Save some time for soaking up Siem Reap, one of the most diverse destinations in Cambodia, with a host of activities on tap. Everything from cooking classes to Vespa tours is on offer, and some of these activities are a great way to punctuate the temple tours.

This trip can take two weeks at a steady pace or three weeks at a slow pace. Public transport serves most of this route, although some of the side trips will require chartered transport or a motorbike trip.

The Big One

  • 4 Weeks

Cambodia is a small country and even though the roads are sometimes bad and travel can be slow, most of the highlights can be visited in a month.

Setting out from the hip capital that is Phnom Penh, pass through the bustling Mekong town of Kompong Cham before heading on to Kratie for an encounter with the elusive Irrawaddy river dolphins. Then it is time to make a tricky choice to experience the beauty of the northeast. To ensure maximum time elsewhere, choose between Ratanakiri Province and the volcanic crater lake of Boeng Yeak Lom, or Mondulkiri Province and the original Elephant Valley Project. Both offer primate experiences for those who fancy a bit of monkey business along the way. If you have a bit of extra time up your sleeve, you could combine the two in a grand loop, now that the road between Sen Monorom and Ban Lung is in good shape.

Next up, head to the South Coast. Take your time and consider a few nights in Kep or on one of the nearby islands, and a boat trip from Sihanoukville to explore the up-and-coming islands off the coast. Turning back inland, check out Kirirom National Park, home to pine trees, black bears and some spectacular views of the Cardamom Mountains.

Then it’s time to go northwest to charming Battambang, one of Cambodia’s best-preserved colonial-era towns and a base from which to discover rural life.

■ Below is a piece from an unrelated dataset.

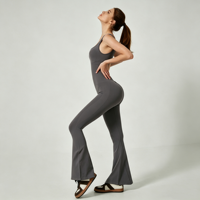 Combinaison de sport pour femme avec logo personnalisé, col carré, jambes évasées, dos ouvert, pour yoga, pilates et gym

Take the proverbial slow boat to Siem Reap, passing through stunning scenery along the snaking Sangker River, and turn your attention to the temples of Angkor.

Visit all the greatest hits in and around Angkor, but set aside some extra time to venture further to the rival capital of Koh Ker, which is cloaked in thick jungle, or Prasat Preah Vihear, a mountain temple perched precariously atop a cliff on the Thai border.

Overlanders can run this route in reverse, setting out from Siem Reap and exiting Cambodia by river into Vietnam or Laos. Entering from Laos, divert east to Ratanakiri before heading south. Getting around is generally easy, as there are buses on the big roads, taxis on the small roads and buzzing boats on the many rivers.